Однажды я составил антологию фантастической литературы. Не исключаю, что именно ее среди немногих избранниц спасет когда-нибудь новый Ной от нового потопа, но тем более должен признать свою вину: я не включил в нее непредсказуемых и несравненных мастеров жанра – Парменида и Платона, Иоанна Скота Эриугену и Альберта Великого, Спинозу и Лейбница, Канта и Френсиса Бредли. Чего, в самом деле, стоят все чудеса Уэллса либо Эдгара Аллана По – цветок, принесенный из будущего, или подчиняющийся гипнозу мертвец – рядом с изобретением Бога, кропотливой теорией существа, которое едино в трех лицах и одиноко пребывает вне времени? Что значит камень безоар рядом с предустановленной гармонией? Кто такой единорог перед Троицей, а Луций Апулея – перед множащимися Буддами Большой Колесницы? И что такое ночи Шахерезады в сравнении с одним доводом Беркли? Итак,я воздал должное многовековому созиданию Бога, но Ад и Рай (бесконечная награда и бесконечная кара) – не менее чудесные и ошеломляющие свидетельства человеческого воображения.

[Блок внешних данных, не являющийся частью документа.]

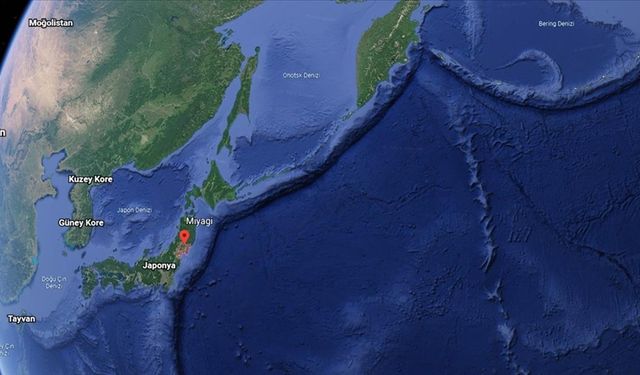 Japonya'da 7,2 büyüklüğünde deprem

Богословы называют Раем место вечного блаженства и радости, предупреждая, что адским мукам доступ сюда закрыт. Четвертая глава рецензируемой книги с полным основанием стирает эту границу. И Ад, и Рай, утверждает автор, – это не точки в пространстве, а предельные состояния души. Таково же мнение Андре Жида («Дневник», с.677), говорящего о внутреннем Аде, открытом, впрочем, уже в строке Мильтона: «Which way I fly is Hell? myself is Hell»
.
Отчасти о том же пишет и Сведенборг, чьи безупречные души предпочитают пещеры и топи непереносимому для них сиянию Рая. Уэзерхед отстаивает мысль о единой и разнородной запредельности, которая, смотря по наклонностям души, может быть Адом, а может – Раем.

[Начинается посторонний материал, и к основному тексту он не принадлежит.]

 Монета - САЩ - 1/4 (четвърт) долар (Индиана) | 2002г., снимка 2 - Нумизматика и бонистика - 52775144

Рай чуть ли не для каждого из нас означает блаженство. Но Батлер на исходе XIX века создал Рай, где вовсе не исключены неудачи (да и кто бы вынес беспрерывное счастье?); соответчтсвенно и в Аду нет ничего отталкивающего, разве что сны. Году в 1902-м Щоу оснастил Ад химерами эротики, самопожертвования, честолюбия и чистой вечной любви, перенеся в Рай способность понять мир («Man and Superman»
, действие третье).
Уэзерхед – писатель средний, почти никакой, он начитался душеспасительной словестности, и все же он чувствует, что слепое стремление к чистому и вечному блаженству по ту сторону смерти не менее смехотворно, чем по эту. Он пишет: «Высший идеал блаженства, называемого Раем, – это служение, безоглядное и добровольное соучастие в трудах Христовых. Служа другим душам в других мирах, мы, не исключено, хоть немного помогаем спасению своей собственной». И еще: «Мука Рая бездонна, и чем ближе мы к Богу в этом мире, тем глубже можем разделить Его жизнь в мире ином. А жизнь Бога – это мука. Он несет в сердце все грехи, все беды, все страдания мира. И пока на земле есть хоть один грешник, в Раю не может царить блаженство». (Оригену, который учмл о конечном единении Творца со всею тварью, включая бесов, этот сон уже снился.)
Не знаю, что думают об этих полутеософских догадках читатель. Католики (имею в виду аргентинцев) верят в мир иной, но, насколько я заметил, не интересуются им. Я – напротив: интересуюсь, но не верю.